Move over, Hollywood, as up-and-coming filmmakers are making their voices heard right here in Montgomery County. Now in its seventh year, the Bethesda Film Fest will showcase the works of five documentarians who live and work in the area when the festival takes place at the Imagination Stage on Friday, April 5 and Saturday, April 6.
The quintet of short films by local documentarians includes two works that tackle one of the most prominent issues of our time as well as a look back at a largely unknown, and dark, chapter in the nation’s capital.
Penny Lee and Lisa Mao’s “Through Chinatown’s Eyes: April 1968” recounts the tumultuous days after the assassination of Dr. Martin Luther King Jr. in Memphis, when cities from coast to coast went up in flames due to deadly civil unrest.
Washington, D.C., was not spared, and strife boiled over in Chinatown.
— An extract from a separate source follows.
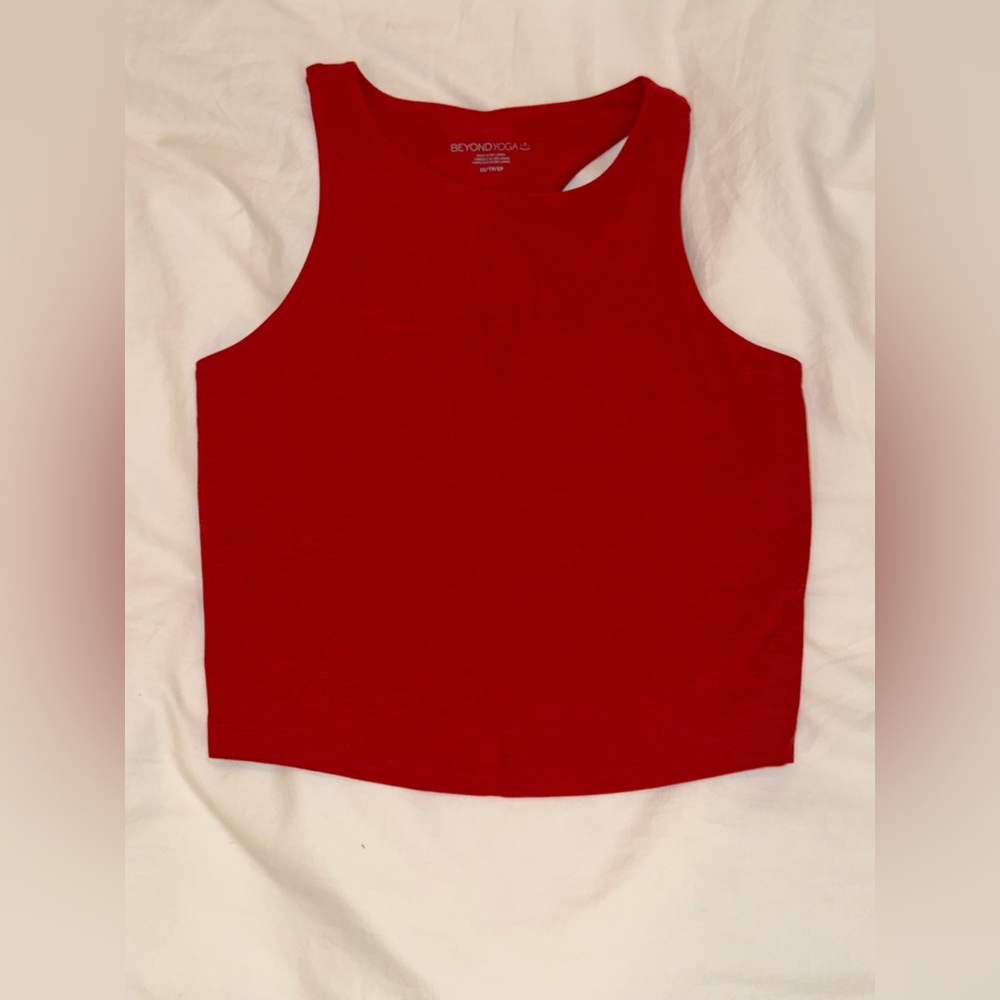 NWOT Beyond Yoga Spacedye Daily Cropped Tank Top in Holly Red Heather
“When one thinks about D.C.’s Chinatown, it’s really a gate and a neighborhood with Chinese characters. But it’s not really what Chinatown” truly is, said co-producer Mao, a native of Potomac, adding that what most people see today are various Chinese restaurants surrounded by Urban Outfitters and a community anchored by the Capital One Arena — Western capitalism all but swallowing traces of the East.
“We really wanted to tell the stories of the Chinese-Americans who lived there when it was an ethnic community,” she said.
Mao moved to San Francisco to chase her filmmaking dreams before returning home to Maryland, where she works as cable show producer for networks like Travel Channel. After returning east, she wanted to find a story of her own to tell that was close to home. She turned her attentions to Chinatown.
“The D.C. riots were an unusually terrible time. The U.S. Marshals were [called in]. There was a curfew. It was a scary time,” Mao said, adding that 1968 also saw the murder of Sen. Robert F. Kennedy.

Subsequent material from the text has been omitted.